Importanti successi anche da parte sua e dell’organizzazione del settore culturale sono stati anche il Jova Beach Party, oltre alla Disfida che abbiamo già menzionato. Ci vuole parlare di questa sua esperienza che è durata circa un anno?

«Devo dire che proprio dopo pochi giorni dall’aver ricevuto la delega, mi sono attivato per mettere in gioco la nostra città. Sono venute tutta una serie di opportunità a partire dal Jova Beach. Sono stato molto caparbio. Il sindaco stesso, da ‘buon padre di famiglia’, continuava a chiedersi se fosse sicuro, se potesse essere pericoloso, grandi numeri (mai fatti). Però poi l’ho convinto e devo dire che la battaglia poi l’abbiamo portata avanti soltanto io e il Sindaco.  L’opportunità era grandissima per la città! Questo è stato un grande evento che ha portato la città ad avere un grande giovamento come indotto. Nessuno lo dimenticherà, né a Barletta né in Puglia. Questo ha dimostrato di cosa è capace Barletta quando si mette insieme a favore del proprio territorio. Non dimentichiamo poi che abbiamo creato una grande opportunità con il Teatro Petruzzelli: per la Traviata venivano creati abiti ottocenteschi ripresi dai quadri del nostro De Nittis che sono stati esposti presso il Palazzo Della Marra. Come se non bastasse, nei prossimi giorni esporremo tre dei suoi capolavori presso gli Aeroporti di Puglia. Saranno messi nella zona più bella e più controllata. Un “non luogo” dove passano migliaia di imprenditori e di persone che viaggiano. Questo significa creare opportunità. Per il nuovo cartellone della stagione del Teatro Curci, il Settore Cultura ha creato l’opportunità di avere il giovedì con il comico. Non c’era. È quello che hanno chiesto i ragazzi delle superiori di Barletta, quando con il direttore artistico Fabio Troiano, siamo andati scuola per scuola per chiedere cosa avrebbero voluto vedere a teatro; loro hanno chiesto il comico e noi glie l’abbiamo creato. Con De Nittis abbiamo avviato uno scambio alla pari con Ferrara: Giovanni Boldini, il loro artista, passa a Barletta dal 7 dicembre al 30 aprile, con 72 opere, noi con i nostri De Nittis dal 1 dicembre al 23 aprile saremo a Palazzo dei Diamanti a Ferrara. Voglio ricordare che Ferrara è città d’arte per eccellenza e si vende in tutto il mondo in modo facile. Queste sono grandi scommesse, grandi operazioni di squadra che io riconosco anche agli altri assessorati. Il Sindaco mi ha lasciato fare, ben conoscendomi e ben sapendo i risultati che potevo portare a termine. Credo di essere riuscito a far bene per la mia città».

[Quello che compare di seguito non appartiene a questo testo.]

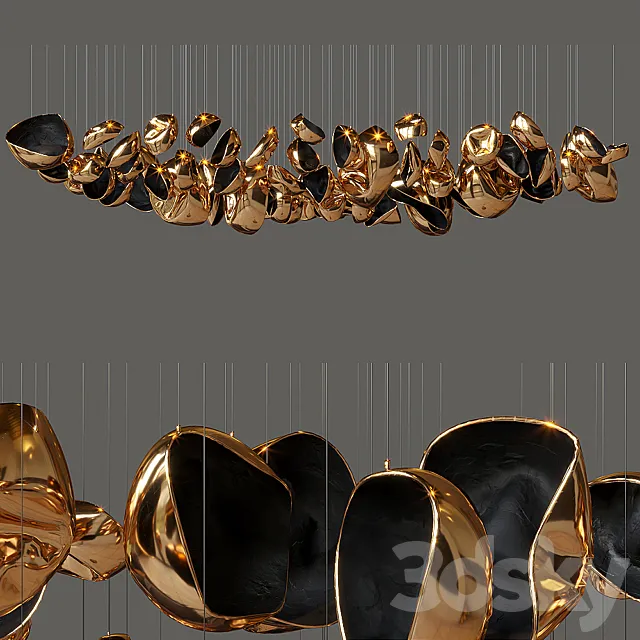 Suspended sculptural composition Vargov Design - Deformity 3D Model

Come deve essere un assessore alla Cultura, cioè può essere chiunque o deve avere delle caratteristiche particolari, avere un’esperienza politica?

«Il discorso politico non so se possa giovare ad un assessorato alla Cultura. Né tantomeno  è necessario il grande professore universitario. Deve avere buone relazioni spendibili. Se arriva il professore in storia, magari ben poco sa su l’organizzazione dei grandi eventi di altri contesti. Tenete conto che bisogna dare risposte sulle aspettative di 95.000 abitanti e non tutti siamo uguali. Aperto a nuove opportunità ed essere anche lesto a leggere in alcuni contatti, in alcune relazioni, le peculiarità di quello che viene proposto e capire cosa può portare di positivo per la propria città. Certamente c’è la macchina amministrativa, ci sono gli uffici competenti. Barletta devo dire che è molto preparata nei vari Settori: abbiamo funzionari e dirigenti che lavorano alla grande. Abbiamo chi si interessa del teatro Curci, chi s’interessa della storia e della cultura anche religiosa».